→ **Exercise goal**:
The reply should contain every line of the data, repeated exactly, and no pictures.

→ **Data provided**:
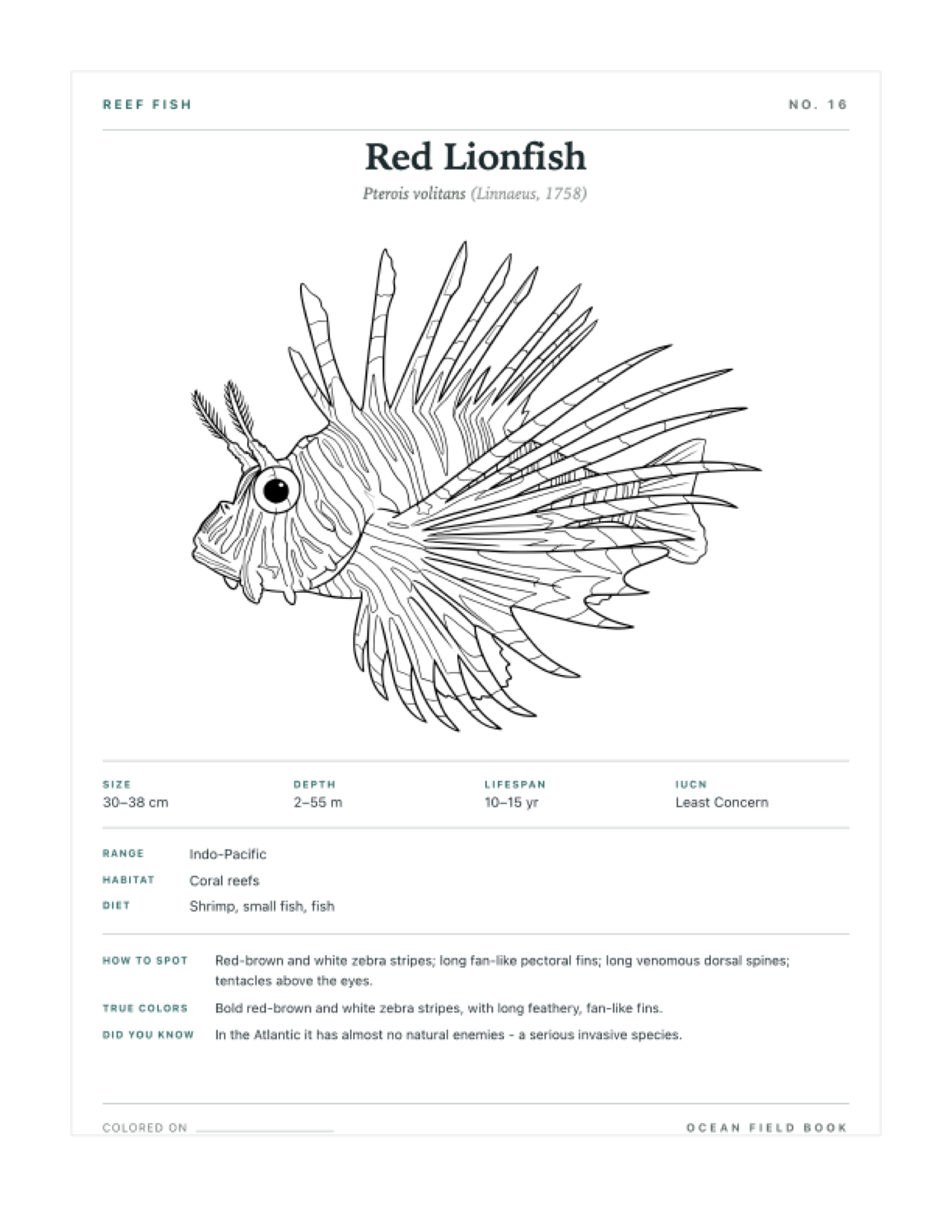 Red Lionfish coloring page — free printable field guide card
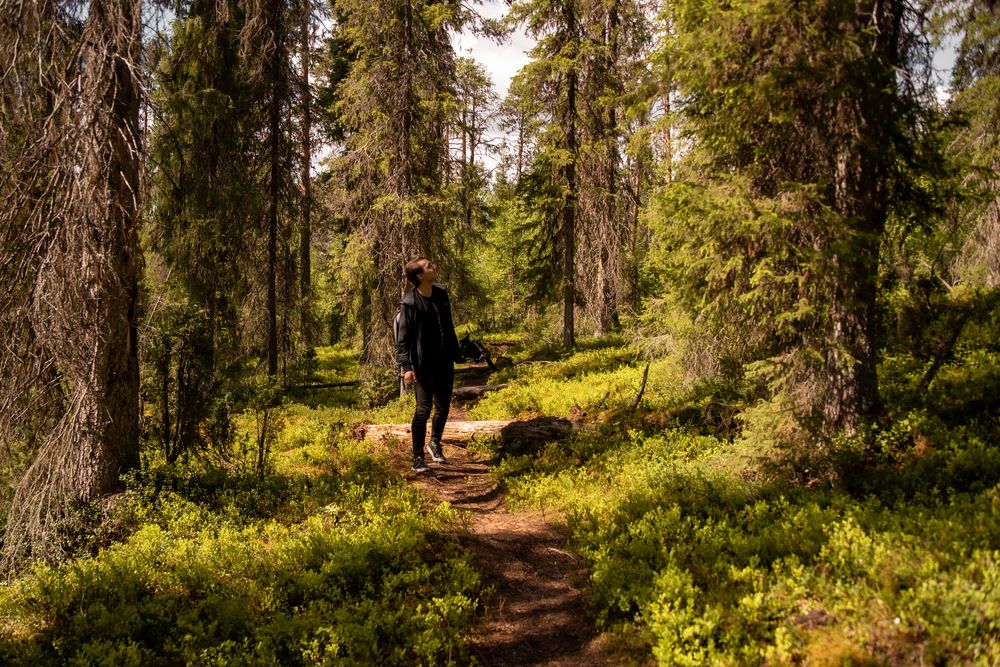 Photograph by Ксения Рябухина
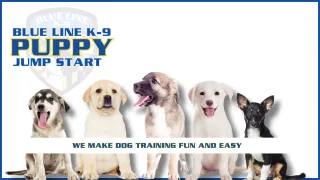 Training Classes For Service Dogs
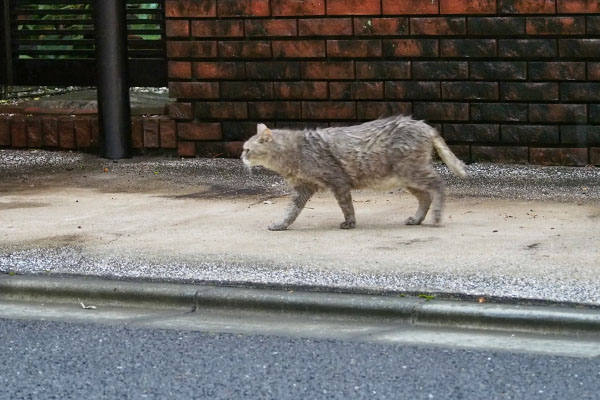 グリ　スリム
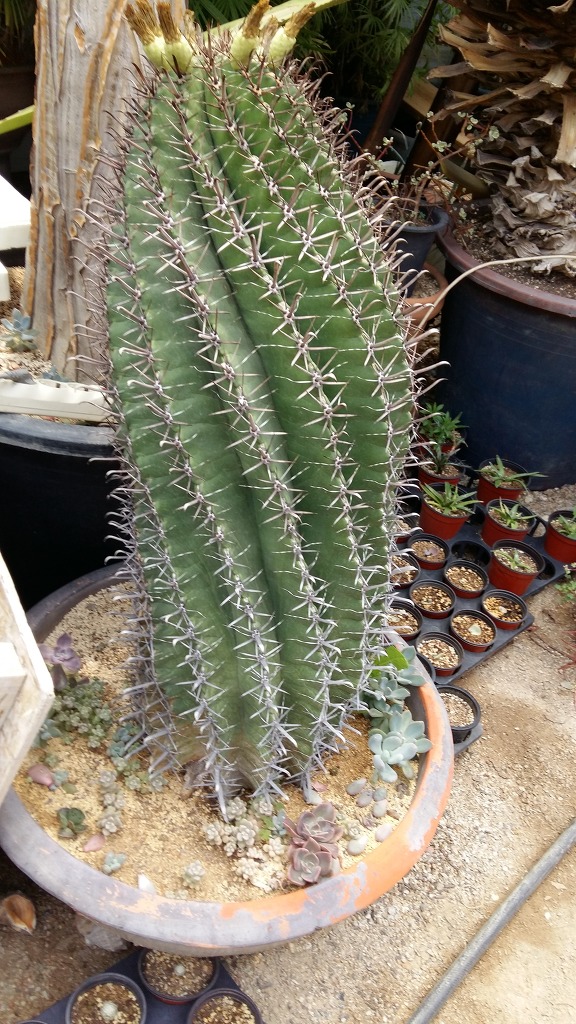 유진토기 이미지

→ **Output for this task**:
 Red Lionfish coloring page — free printable field guide card
 Photograph by Ксения Рябухина
 Training Classes For Service Dogs
 グリ　スリム
 유진토기 이미지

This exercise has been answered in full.